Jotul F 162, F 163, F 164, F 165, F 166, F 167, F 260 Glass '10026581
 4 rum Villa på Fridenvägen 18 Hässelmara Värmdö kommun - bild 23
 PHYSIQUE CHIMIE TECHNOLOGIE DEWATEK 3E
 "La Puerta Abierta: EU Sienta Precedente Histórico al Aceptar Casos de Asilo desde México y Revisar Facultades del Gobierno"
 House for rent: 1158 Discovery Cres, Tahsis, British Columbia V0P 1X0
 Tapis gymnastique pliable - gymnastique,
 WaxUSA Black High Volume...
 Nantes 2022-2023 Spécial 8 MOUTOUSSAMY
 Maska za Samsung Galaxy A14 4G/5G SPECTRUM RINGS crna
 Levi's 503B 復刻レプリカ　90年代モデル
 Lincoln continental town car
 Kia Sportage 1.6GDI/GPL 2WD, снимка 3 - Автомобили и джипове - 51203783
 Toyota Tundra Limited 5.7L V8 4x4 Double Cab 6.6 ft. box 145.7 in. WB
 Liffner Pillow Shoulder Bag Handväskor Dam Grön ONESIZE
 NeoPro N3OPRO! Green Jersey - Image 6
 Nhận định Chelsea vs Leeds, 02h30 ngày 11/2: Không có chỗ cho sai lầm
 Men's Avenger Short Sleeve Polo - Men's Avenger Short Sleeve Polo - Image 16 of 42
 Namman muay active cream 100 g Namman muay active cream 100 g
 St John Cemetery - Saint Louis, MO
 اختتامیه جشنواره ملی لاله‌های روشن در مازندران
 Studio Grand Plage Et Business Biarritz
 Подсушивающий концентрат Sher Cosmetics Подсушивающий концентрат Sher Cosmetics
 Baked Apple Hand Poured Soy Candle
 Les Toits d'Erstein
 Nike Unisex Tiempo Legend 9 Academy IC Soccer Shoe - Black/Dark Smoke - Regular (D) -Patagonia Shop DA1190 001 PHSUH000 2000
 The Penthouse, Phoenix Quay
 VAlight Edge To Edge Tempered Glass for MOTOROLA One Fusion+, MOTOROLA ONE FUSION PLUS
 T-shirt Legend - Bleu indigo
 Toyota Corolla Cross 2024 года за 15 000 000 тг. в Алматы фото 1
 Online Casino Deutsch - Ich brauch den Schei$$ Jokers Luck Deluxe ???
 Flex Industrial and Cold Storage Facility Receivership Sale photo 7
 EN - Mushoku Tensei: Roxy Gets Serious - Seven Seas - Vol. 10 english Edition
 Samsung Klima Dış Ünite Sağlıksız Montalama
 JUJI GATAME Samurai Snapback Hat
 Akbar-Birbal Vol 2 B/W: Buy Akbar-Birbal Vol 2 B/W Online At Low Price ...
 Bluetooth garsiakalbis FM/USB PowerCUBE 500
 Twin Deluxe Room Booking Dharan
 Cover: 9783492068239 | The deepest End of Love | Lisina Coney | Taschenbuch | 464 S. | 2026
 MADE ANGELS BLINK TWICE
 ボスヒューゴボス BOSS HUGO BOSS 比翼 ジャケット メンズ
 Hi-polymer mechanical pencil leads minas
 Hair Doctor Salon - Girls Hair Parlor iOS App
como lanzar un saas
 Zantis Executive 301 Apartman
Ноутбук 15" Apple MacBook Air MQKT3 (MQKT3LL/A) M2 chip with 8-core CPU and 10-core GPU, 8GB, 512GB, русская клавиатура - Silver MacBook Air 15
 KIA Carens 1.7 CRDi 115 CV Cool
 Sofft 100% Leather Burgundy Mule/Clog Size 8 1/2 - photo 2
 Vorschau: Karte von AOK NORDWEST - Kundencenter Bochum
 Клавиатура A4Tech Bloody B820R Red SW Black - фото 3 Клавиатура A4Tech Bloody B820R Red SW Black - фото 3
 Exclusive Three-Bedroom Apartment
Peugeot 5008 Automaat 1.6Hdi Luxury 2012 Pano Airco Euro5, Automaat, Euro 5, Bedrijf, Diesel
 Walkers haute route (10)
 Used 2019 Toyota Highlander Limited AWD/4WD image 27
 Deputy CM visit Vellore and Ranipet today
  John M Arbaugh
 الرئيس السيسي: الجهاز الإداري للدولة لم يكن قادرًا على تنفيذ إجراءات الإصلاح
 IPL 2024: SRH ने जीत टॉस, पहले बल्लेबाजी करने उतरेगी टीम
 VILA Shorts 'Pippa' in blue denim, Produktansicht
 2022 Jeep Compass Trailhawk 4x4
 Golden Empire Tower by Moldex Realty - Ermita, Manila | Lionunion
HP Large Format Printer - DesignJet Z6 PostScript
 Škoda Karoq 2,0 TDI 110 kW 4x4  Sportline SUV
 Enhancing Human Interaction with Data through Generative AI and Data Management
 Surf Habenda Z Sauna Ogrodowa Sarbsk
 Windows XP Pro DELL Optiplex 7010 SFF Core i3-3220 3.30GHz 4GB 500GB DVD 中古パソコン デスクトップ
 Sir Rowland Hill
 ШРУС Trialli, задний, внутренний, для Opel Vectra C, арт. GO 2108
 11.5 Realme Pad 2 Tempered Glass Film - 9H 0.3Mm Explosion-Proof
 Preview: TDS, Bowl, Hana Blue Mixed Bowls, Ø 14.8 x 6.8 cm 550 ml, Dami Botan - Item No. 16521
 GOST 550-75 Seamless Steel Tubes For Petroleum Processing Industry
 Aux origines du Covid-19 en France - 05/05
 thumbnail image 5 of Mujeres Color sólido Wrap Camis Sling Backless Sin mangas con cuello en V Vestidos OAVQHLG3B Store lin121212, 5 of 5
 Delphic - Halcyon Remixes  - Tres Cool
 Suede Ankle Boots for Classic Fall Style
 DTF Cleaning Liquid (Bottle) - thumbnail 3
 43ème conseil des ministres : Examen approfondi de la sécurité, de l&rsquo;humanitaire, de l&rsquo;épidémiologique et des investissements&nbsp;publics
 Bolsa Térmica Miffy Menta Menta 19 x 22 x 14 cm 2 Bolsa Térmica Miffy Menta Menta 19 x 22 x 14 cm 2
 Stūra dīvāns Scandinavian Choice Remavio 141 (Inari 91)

##########

What you have to do. What's wanted is a faithful copy of each entry above.

Solved exercise.
Jotul F 162, F 163, F 164, F 165, F 166, F 167, F 260 Glass '10026581
 4 rum Villa på Fridenvägen 18 Hässelmara Värmdö kommun - bild 23
 PHYSIQUE CHIMIE TECHNOLOGIE DEWATEK 3E
 "La Puerta Abierta: EU Sienta Precedente Histórico al Aceptar Casos de Asilo desde México y Revisar Facultades del Gobierno"
 House for rent: 1158 Discovery Cres, Tahsis, British Columbia V0P 1X0
 Tapis gymnastique pliable - gymnastique,
 WaxUSA Black High Volume...
 Nantes 2022-2023 Spécial 8 MOUTOUSSAMY
 Maska za Samsung Galaxy A14 4G/5G SPECTRUM RINGS crna
 Levi's 503B 復刻レプリカ　90年代モデル
 Lincoln continental town car
 Kia Sportage 1.6GDI/GPL 2WD, снимка 3 - Автомобили и джипове - 51203783
 Toyota Tundra Limited 5.7L V8 4x4 Double Cab 6.6 ft. box 145.7 in. WB
 Liffner Pillow Shoulder Bag Handväskor Dam Grön ONESIZE
 NeoPro N3OPRO! Green Jersey - Image 6
 Nhận định Chelsea vs Leeds, 02h30 ngày 11/2: Không có chỗ cho sai lầm
 Men's Avenger Short Sleeve Polo - Men's Avenger Short Sleeve Polo - Image 16 of 42
 Namman muay active cream 100 g Namman muay active cream 100 g
 St John Cemetery - Saint Louis, MO
 اختتامیه جشنواره ملی لاله‌های روشن در مازندران
 Studio Grand Plage Et Business Biarritz
 Подсушивающий концентрат Sher Cosmetics Подсушивающий концентрат Sher Cosmetics
 Baked Apple Hand Poured Soy Candle
 Les Toits d'Erstein
 Nike Unisex Tiempo Legend 9 Academy IC Soccer Shoe - Black/Dark Smoke - Regular (D) -Patagonia Shop DA1190 001 PHSUH000 2000
 The Penthouse, Phoenix Quay
 VAlight Edge To Edge Tempered Glass for MOTOROLA One Fusion+, MOTOROLA ONE FUSION PLUS
 T-shirt Legend - Bleu indigo
 Toyota Corolla Cross 2024 года за 15 000 000 тг. в Алматы фото 1
 Online Casino Deutsch - Ich brauch den Schei$$ Jokers Luck Deluxe ???
 Flex Industrial and Cold Storage Facility Receivership Sale photo 7
 EN - Mushoku Tensei: Roxy Gets Serious - Seven Seas - Vol. 10 english Edition
 Samsung Klima Dış Ünite Sağlıksız Montalama
 JUJI GATAME Samurai Snapback Hat
 Akbar-Birbal Vol 2 B/W: Buy Akbar-Birbal Vol 2 B/W Online At Low Price ...
 Bluetooth garsiakalbis FM/USB PowerCUBE 500
 Twin Deluxe Room Booking Dharan
 Cover: 9783492068239 | The deepest End of Love | Lisina Coney | Taschenbuch | 464 S. | 2026
 MADE ANGELS BLINK TWICE
 ボスヒューゴボス BOSS HUGO BOSS 比翼 ジャケット メンズ
 Hi-polymer mechanical pencil leads minas
 Hair Doctor Salon - Girls Hair Parlor iOS App
como lanzar un saas
 Zantis Executive 301 Apartman
Ноутбук 15" Apple MacBook Air MQKT3 (MQKT3LL/A) M2 chip with 8-core CPU and 10-core GPU, 8GB, 512GB, русская клавиатура - Silver MacBook Air 15
 KIA Carens 1.7 CRDi 115 CV Cool
 Sofft 100% Leather Burgundy Mule/Clog Size 8 1/2 - photo 2
 Vorschau: Karte von AOK NORDWEST - Kundencenter Bochum
 Клавиатура A4Tech Bloody B820R Red SW Black - фото 3 Клавиатура A4Tech Bloody B820R Red SW Black - фото 3
 Exclusive Three-Bedroom Apartment
Peugeot 5008 Automaat 1.6Hdi Luxury 2012 Pano Airco Euro5, Automaat, Euro 5, Bedrijf, Diesel
 Walkers haute route (10)
 Used 2019 Toyota Highlander Limited AWD/4WD image 27
 Deputy CM visit Vellore and Ranipet today
  John M Arbaugh
 الرئيس السيسي: الجهاز الإداري للدولة لم يكن قادرًا على تنفيذ إجراءات الإصلاح
 IPL 2024: SRH ने जीत टॉस, पहले बल्लेबाजी करने उतरेगी टीम
 VILA Shorts 'Pippa' in blue denim, Produktansicht
 2022 Jeep Compass Trailhawk 4x4
 Golden Empire Tower by Moldex Realty - Ermita, Manila | Lionunion
HP Large Format Printer - DesignJet Z6 PostScript
 Škoda Karoq 2,0 TDI 110 kW 4x4  Sportline SUV
 Enhancing Human Interaction with Data through Generative AI and Data Management
 Surf Habenda Z Sauna Ogrodowa Sarbsk
 Windows XP Pro DELL Optiplex 7010 SFF Core i3-3220 3.30GHz 4GB 500GB DVD 中古パソコン デスクトップ
 Sir Rowland Hill
 ШРУС Trialli, задний, внутренний, для Opel Vectra C, арт. GO 2108
 11.5 Realme Pad 2 Tempered Glass Film - 9H 0.3Mm Explosion-Proof
 Preview: TDS, Bowl, Hana Blue Mixed Bowls, Ø 14.8 x 6.8 cm 550 ml, Dami Botan - Item No. 16521
 GOST 550-75 Seamless Steel Tubes For Petroleum Processing Industry
 Aux origines du Covid-19 en France - 05/05
 thumbnail image 5 of Mujeres Color sólido Wrap Camis Sling Backless Sin mangas con cuello en V Vestidos OAVQHLG3B Store lin121212, 5 of 5
 Delphic - Halcyon Remixes  - Tres Cool
 Suede Ankle Boots for Classic Fall Style
 DTF Cleaning Liquid (Bottle) - thumbnail 3
 43ème conseil des ministres : Examen approfondi de la sécurité, de l&rsquo;humanitaire, de l&rsquo;épidémiologique et des investissements&nbsp;publics
 Bolsa Térmica Miffy Menta Menta 19 x 22 x 14 cm 2 Bolsa Térmica Miffy Menta Menta 19 x 22 x 14 cm 2
 Stūra dīvāns Scandinavian Choice Remavio 141 (Inari 91)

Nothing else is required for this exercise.